PROVIDED ENTRIES —
───
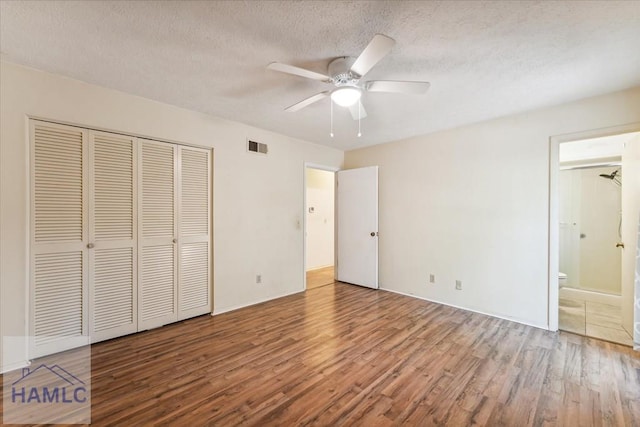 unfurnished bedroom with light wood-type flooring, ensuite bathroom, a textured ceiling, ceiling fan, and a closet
───
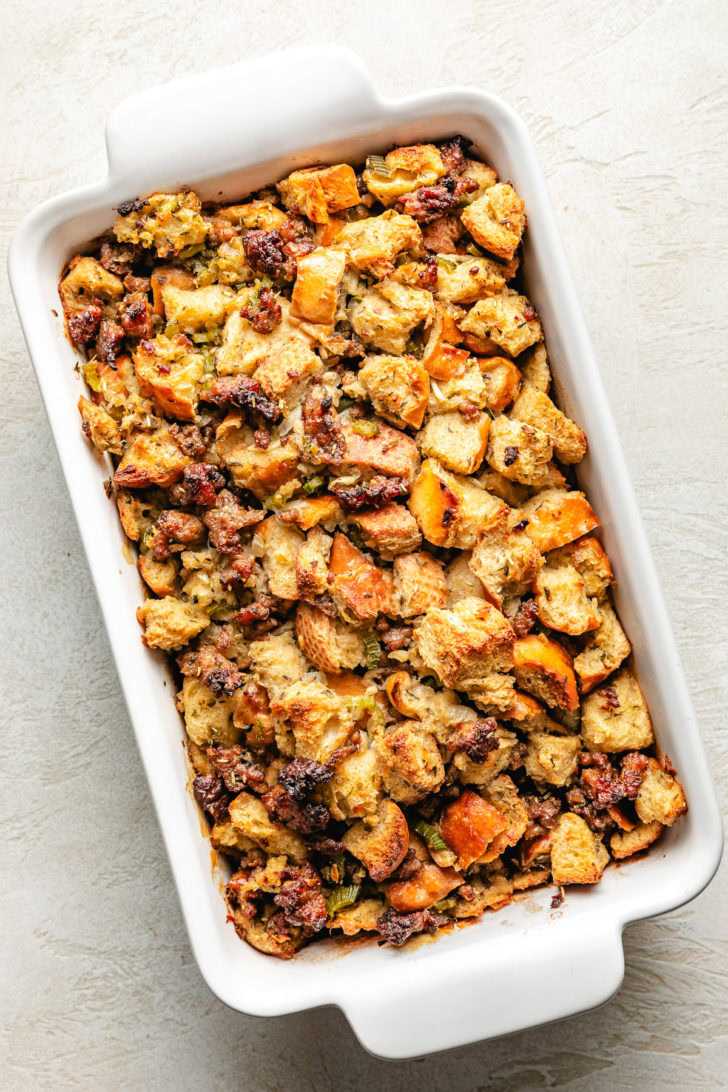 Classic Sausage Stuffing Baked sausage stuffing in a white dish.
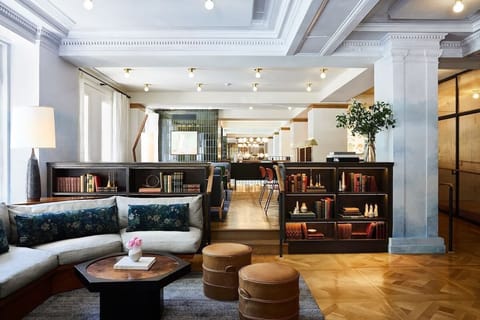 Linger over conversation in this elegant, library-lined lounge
───
ABOUT THIS EXERCISE — Pictures excluded, transcribe the listing above exactly from the line with "Classic Sausage Stuffing" through the line with "Linger over conversation", and no further.

ANSWER AREA —
 Classic Sausage Stuffing Baked sausage stuffing in a white dish.
 Linger over conversation in this elegant, library-lined lounge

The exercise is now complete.